Below are records; quote them exactly from the first line through the line that contains "Spicy Pork Bone with Chili".

** Material supplied follows **

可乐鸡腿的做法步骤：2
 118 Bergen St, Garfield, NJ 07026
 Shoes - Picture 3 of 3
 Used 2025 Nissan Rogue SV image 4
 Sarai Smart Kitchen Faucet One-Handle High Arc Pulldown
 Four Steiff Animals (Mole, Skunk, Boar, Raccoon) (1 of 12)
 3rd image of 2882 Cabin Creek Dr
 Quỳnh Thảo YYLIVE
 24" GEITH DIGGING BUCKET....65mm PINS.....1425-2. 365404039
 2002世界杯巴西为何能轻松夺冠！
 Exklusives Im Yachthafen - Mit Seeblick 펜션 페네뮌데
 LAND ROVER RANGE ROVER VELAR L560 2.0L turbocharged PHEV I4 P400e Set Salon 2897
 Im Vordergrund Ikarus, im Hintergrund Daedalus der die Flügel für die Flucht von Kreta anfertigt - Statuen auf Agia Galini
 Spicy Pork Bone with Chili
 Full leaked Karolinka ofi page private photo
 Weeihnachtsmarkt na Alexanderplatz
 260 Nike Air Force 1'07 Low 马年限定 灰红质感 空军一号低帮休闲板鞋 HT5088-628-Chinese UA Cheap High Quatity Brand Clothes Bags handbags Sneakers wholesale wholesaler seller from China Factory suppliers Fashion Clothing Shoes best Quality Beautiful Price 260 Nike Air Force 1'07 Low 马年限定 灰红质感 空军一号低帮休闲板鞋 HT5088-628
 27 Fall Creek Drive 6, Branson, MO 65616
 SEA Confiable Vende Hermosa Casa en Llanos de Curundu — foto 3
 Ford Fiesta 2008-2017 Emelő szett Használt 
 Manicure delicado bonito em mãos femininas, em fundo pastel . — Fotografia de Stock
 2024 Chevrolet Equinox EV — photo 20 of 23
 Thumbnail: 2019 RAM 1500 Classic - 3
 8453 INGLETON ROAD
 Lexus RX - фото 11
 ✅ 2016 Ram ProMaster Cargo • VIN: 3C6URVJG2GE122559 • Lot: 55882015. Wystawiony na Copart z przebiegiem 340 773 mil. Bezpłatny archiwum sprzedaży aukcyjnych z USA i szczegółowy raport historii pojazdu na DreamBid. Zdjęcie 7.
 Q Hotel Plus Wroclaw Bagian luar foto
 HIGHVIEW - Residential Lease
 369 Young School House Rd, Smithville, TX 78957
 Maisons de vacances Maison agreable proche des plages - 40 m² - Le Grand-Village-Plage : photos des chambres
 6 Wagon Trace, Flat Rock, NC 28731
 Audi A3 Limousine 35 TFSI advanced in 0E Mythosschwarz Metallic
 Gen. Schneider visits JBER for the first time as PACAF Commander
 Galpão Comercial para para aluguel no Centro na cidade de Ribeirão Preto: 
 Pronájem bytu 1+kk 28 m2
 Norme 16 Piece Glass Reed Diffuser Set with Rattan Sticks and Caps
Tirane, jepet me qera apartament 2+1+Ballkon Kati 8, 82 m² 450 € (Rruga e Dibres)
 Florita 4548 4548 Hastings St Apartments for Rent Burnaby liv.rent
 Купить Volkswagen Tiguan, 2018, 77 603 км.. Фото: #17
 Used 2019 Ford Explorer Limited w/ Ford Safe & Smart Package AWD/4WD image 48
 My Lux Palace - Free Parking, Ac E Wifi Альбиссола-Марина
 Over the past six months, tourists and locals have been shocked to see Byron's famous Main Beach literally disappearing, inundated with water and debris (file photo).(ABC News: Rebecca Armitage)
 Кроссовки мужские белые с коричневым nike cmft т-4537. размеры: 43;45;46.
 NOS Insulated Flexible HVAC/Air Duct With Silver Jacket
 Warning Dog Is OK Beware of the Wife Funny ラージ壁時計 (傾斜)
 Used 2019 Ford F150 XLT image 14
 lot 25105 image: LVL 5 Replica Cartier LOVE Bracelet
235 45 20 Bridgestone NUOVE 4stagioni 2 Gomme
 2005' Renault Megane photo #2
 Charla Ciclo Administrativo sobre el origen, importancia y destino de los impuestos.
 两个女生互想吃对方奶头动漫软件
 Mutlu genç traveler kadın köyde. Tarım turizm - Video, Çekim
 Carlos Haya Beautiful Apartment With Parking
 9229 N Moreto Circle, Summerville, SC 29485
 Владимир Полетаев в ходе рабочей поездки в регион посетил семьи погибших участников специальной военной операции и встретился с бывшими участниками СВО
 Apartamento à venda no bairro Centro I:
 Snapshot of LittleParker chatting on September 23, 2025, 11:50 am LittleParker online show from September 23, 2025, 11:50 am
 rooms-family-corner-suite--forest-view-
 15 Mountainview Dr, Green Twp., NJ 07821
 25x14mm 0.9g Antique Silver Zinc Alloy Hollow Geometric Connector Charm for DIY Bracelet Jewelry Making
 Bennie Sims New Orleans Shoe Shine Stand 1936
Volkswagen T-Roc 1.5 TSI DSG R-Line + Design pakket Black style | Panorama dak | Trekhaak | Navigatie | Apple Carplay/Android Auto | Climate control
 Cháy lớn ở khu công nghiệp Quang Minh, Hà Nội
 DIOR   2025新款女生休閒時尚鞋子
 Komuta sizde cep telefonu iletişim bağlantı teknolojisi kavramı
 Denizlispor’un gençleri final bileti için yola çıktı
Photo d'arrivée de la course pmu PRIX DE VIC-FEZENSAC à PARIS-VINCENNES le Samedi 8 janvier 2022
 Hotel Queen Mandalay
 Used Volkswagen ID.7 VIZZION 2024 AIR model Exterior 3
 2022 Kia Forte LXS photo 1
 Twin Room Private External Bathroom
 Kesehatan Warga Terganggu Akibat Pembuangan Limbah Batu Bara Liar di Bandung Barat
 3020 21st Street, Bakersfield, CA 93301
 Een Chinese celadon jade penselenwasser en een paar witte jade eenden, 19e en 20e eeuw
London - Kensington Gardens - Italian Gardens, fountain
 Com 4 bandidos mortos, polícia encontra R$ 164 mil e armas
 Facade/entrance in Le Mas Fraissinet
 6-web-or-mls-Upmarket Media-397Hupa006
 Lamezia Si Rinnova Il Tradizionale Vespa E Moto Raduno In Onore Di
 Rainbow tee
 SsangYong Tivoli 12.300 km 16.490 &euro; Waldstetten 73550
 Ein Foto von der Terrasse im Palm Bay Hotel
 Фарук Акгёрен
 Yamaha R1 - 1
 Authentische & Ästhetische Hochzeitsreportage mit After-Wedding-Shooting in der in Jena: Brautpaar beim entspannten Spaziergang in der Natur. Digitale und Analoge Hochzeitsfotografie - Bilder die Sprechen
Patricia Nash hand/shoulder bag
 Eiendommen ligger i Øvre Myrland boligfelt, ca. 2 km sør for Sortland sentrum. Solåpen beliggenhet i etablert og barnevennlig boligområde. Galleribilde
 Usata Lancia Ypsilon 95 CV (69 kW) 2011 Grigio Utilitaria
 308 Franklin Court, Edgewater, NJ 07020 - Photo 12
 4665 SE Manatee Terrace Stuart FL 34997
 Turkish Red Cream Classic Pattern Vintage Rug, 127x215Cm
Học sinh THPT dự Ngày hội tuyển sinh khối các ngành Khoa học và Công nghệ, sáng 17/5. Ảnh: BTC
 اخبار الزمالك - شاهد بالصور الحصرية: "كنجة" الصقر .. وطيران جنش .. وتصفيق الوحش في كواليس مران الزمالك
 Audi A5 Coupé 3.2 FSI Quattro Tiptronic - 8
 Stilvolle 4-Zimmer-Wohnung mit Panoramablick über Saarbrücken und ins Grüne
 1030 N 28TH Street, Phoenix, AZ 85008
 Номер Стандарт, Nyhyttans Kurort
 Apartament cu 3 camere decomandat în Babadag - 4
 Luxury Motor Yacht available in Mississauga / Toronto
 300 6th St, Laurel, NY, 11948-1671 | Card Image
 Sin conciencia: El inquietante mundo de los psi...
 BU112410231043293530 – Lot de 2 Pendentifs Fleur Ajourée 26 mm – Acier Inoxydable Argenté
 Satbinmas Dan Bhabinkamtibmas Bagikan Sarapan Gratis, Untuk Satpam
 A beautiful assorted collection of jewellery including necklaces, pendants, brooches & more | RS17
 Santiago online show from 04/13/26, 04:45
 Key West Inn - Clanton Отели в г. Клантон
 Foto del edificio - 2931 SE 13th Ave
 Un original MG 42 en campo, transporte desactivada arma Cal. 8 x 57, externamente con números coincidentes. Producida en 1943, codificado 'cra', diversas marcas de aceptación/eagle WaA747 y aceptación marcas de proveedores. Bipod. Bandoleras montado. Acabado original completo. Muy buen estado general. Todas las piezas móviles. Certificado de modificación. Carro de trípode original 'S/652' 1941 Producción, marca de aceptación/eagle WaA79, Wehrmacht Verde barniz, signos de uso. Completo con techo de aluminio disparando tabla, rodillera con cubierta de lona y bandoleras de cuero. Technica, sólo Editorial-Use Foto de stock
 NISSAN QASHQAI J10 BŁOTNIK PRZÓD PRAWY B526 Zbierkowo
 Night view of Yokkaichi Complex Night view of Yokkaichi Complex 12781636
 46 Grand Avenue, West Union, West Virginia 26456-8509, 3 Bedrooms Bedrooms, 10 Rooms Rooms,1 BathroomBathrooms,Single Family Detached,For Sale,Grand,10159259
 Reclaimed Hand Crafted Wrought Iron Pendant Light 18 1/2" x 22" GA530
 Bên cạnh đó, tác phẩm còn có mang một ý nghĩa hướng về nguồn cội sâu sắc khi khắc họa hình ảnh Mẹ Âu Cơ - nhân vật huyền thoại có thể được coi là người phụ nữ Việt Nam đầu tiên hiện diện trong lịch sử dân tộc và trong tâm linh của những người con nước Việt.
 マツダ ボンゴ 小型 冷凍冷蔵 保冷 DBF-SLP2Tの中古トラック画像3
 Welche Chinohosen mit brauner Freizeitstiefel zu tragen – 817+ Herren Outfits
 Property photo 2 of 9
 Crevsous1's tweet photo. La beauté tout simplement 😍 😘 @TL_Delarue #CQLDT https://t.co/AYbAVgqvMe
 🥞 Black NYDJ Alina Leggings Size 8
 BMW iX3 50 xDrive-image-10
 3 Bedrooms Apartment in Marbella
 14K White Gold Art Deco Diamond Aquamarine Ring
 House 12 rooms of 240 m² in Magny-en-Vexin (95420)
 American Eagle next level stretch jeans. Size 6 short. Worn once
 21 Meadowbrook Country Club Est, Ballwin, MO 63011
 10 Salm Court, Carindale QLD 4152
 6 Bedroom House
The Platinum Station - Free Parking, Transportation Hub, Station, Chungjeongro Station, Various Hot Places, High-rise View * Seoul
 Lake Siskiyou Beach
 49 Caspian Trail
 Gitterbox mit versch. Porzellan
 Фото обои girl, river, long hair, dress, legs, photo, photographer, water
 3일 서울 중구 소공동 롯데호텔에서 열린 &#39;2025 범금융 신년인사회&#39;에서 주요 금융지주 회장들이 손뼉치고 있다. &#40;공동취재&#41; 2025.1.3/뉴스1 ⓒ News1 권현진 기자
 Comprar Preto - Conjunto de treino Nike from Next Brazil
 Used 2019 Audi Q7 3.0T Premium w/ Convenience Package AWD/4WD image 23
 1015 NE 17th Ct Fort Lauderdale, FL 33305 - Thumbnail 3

** End of Material supplied **

* Task response *
可乐鸡腿的做法步骤：2
 118 Bergen St, Garfield, NJ 07026
 Shoes - Picture 3 of 3
 Used 2025 Nissan Rogue SV image 4
 Sarai Smart Kitchen Faucet One-Handle High Arc Pulldown
 Four Steiff Animals (Mole, Skunk, Boar, Raccoon) (1 of 12)
 3rd image of 2882 Cabin Creek Dr
 Quỳnh Thảo YYLIVE
 24" GEITH DIGGING BUCKET....65mm PINS.....1425-2. 365404039
 2002世界杯巴西为何能轻松夺冠！
 Exklusives Im Yachthafen - Mit Seeblick 펜션 페네뮌데
 LAND ROVER RANGE ROVER VELAR L560 2.0L turbocharged PHEV I4 P400e Set Salon 2897
 Im Vordergrund Ikarus, im Hintergrund Daedalus der die Flügel für die Flucht von Kreta anfertigt - Statuen auf Agia Galini
 Spicy Pork Bone with Chili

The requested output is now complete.